Of course this wouldn’t have made Hilda1 feel any better, as she still wouldn’t have had any people buying them for her. But at least she would have been able to keep the three she got for next year, and they could have filled her empty shelves. Anyway I’m off to stock up on birthday cards to send to people…I must be getting old!
Today is my birthday, and whilst many of you may think there is no way I can link that fact to books – you’d be wrong! That means it is exactly one year today since I started keeping a notebook of all the books I have read. This started as an idea I had when (as mentioned in a previous post) I started reading a book and got almost to the end before I realised I’d actually read it previously. Therefore I thought if I started keeping a list of books that I’d read hopefully that wouldn’t happen again.
What began as a little ‘aide memoir’ for myself seems to have caught on as a proper hobby with family and friends. (Plus whilst I can’t prove that Moleskine stole my idea and turned it into a journal its obvious they did!) I think it’s interesting to see how different people record their efforts though.
My sister unsurprisingly has an alphabetised book, and diligently records them by authors surname, whilst a friend bought one of the Moleskine journals I inspired and has a neat page per entry again listed by author surname. Mine unsurprisingly is a rather haphazard affair. Its a list starting with the first book I read last year, and simply numbering them as I go along with a brief synopsis and a score out of 5. I have of course spotted the flaw in this plan, that both my sister and friend had already pointed out. To find out if I’ve read a book already I have to trawl through all the pages to try and find the entry. Personally I think this just adds to the fun and again like Magnus Magnusson, I’ve started so I’ll finish it, next time I buy a new notebook I may alphabetise.
I think my inbuilt dislike of alphabetising things is down to the fact I don’t like waste.
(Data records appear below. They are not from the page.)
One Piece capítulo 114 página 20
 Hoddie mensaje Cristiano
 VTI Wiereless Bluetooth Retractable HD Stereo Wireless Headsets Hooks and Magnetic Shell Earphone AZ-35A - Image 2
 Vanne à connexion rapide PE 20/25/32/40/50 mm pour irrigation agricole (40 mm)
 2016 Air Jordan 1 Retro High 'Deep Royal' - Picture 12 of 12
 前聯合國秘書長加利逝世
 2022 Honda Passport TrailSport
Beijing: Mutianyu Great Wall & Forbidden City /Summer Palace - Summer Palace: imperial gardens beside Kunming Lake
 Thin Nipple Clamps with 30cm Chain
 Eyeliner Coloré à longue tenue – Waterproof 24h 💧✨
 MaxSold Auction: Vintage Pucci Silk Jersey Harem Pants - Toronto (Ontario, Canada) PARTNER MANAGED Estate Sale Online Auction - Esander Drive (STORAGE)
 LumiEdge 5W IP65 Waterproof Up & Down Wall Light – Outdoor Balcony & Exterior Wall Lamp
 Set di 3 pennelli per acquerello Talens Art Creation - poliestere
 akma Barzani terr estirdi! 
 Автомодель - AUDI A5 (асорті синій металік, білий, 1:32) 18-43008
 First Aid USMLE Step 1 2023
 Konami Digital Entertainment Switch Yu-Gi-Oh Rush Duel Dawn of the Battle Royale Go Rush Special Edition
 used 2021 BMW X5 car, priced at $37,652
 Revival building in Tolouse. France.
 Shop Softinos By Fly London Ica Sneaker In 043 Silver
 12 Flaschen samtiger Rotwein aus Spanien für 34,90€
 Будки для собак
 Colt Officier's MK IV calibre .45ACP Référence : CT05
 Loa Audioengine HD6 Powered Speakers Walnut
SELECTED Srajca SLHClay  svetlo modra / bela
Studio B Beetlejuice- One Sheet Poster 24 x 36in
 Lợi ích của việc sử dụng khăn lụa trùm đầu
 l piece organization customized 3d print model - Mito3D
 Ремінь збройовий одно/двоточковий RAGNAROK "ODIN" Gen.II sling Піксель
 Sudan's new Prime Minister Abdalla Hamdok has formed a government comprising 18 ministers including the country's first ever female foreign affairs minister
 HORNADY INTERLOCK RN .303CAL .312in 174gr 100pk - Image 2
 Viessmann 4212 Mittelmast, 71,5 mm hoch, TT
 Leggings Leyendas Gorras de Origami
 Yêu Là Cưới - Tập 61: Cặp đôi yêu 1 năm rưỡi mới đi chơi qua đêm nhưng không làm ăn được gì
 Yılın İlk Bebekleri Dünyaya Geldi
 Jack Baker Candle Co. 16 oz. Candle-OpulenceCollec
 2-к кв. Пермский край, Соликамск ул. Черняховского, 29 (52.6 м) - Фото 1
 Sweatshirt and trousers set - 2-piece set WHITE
Lets be honest neither my sister or my friend are likely to have many authors to include under X or I so it just seems like those sections will be wasted. What do you do when you’ve used all the space in S and R but still have whole sections not used? It’s a big dilemma as then you end up having to cross reference the end of S over to X and its all too out of control. Maybe the 80s had it right and a filofax system is best so the pages can be moved around?
I do wish I’d started this list many years ago. I think it would be great to have a record of every book I’ve ever read (again that’s where my non alphabetising could cause problems, imagine having to go back through hundreds of non organised notebooks, I’d never actually have time to read anything new!) It would be interesting to know how many books I’d read. I can do a bit of extrapolation of course, which discounting the first 10 years or so of my life would give a figure in the thousands. That’s a lot of words and stories to have got through.
For anyone interested in the maths according to my notebook I’ve read 56.5 books this year (.5 as I’m halfway through one), which is slightly more than one a week although it does mean its not looking hopeful for completing the TOPCWFC. I was asked at lunch yesterday how many books I had to do in total, I think its best not to count them up. I’ll forget how many I’ve got to do by lunchtime anyway so no point in wasting the time!